Hi! Could you please help me to figure out how to ...
# announcements
a
Hi! Could you please help me to figure out how to test pipeline if it uses some external resources? Are there proper ways to so? Or the only way is to set up an environment (DB, etc) and write special test mode for the pipeline? I tried to use execute_pipeline and solid_selection. But I cannot figure out how to pass inputs in solids in the middle. code in the thread
Copy code
@pipeline
def my_pipeline():
    df = load_data_from_dwh.alias("load_target_data")() # don't need to run
    df = data_preparation(df)
    result = ml_stuff(df)
df -- simple pandas dataframe. I have simple specified dagster pandas type and data_preparation accepts it:
Copy code
PandasDataFrame = create_dagster_pandas_dataframe_type(
    name="PandasDataFrame")
load_data_from_dwh -- uses custom sqlalchemy code, so i don't have any resources. Tried to do this:
Copy code
def test_pipeline_run(dataframe):
    run_config = {
        "solids": {
            "divide_data_over_column": {
                'inputs': {
                    "df": dataframe
                },
                "config": {...},
            },
        }
    }
    solid_selection = ["data_preparation", "ml_stuff"]

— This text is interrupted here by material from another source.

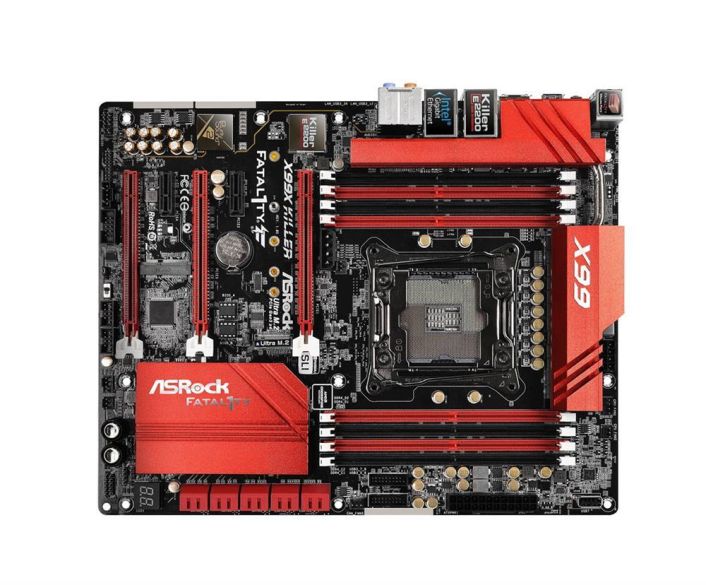 X99X-KILLER ASRock Fatal1ty X99X Killer Socket LGA 2011-3 Intel X99 Chipset Core i7 & Xeon 22-Core Processors Support DDR4 8x DIMM 10x SATA3 6.0Gb/s ATX Motherboard (Refurbished)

    execute_pipeline(my_pipeline,
                     run_config=run_config,
                     solid_selection=solid_selection)
An it results in
Copy code
_ _ _ _ _ _ _ _ _ _ _ _ _ _ _ _ _ _ _ _ _ _ _ _ _ _ _ _ _ _ _ _ _ _ _ _ _ _ _ _ 
../../../../miniconda3/envs/etna/lib/python3.8/site-packages/dagster/core/execution/api.py:298: in execute_pipeline
    return _logged_execute_pipeline(
../../../../miniconda3/envs/etna/lib/python3.8/site-packages/dagster/core/telemetry.py:89: in wrap
    result = f(*args, **kwargs)
../../../../miniconda3/envs/etna/lib/python3.8/site-packages/dagster/core/execution/api.py:342: in _logged_execute_pipeline
    pipeline_run = instance.create_run_for_pipeline(
../../../../miniconda3/envs/etna/lib/python3.8/site-packages/dagster/core/instance/__init__.py:518: in create_run_for_pipeline
    execution_plan = create_execution_plan(
../../../../miniconda3/envs/etna/lib/python3.8/site-packages/dagster/core/execution/api.py:565: in create_execution_plan
    environment_config = EnvironmentConfig.build(pipeline_def, run_config, mode=mode)

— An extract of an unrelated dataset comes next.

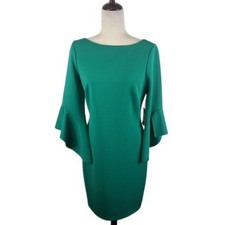 New Vince Camuto Green Dress Bell Sleeve Sheath Cocktail Career Party Size 10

../../../../miniconda3/envs/etna/lib/python3.8/site-packages/dagster/core/system_config/objects.py:96: in build
    config_evr = process_config(environment_type, run_config)
../../../../miniconda3/envs/etna/lib/python3.8/site-packages/dagster/config/validate.py:333: in process_config
    validate_evr = validate_config(config_type, config_dict)
../../../../miniconda3/envs/etna/lib/python3.8/site-packages/dagster/config/validate.py:58: in validate_config
    return validate_config_from_snap(
../../../../miniconda3/envs/etna/lib/python3.8/site-packages/dagster/config/validate.py:68: in validate_config_from_snap
    return _validate_config(
../../../../miniconda3/envs/etna/lib/python3.8/site-packages/dagster/config/validate.py:103: in _validate_config
    return validate_shape_config(context, config_value)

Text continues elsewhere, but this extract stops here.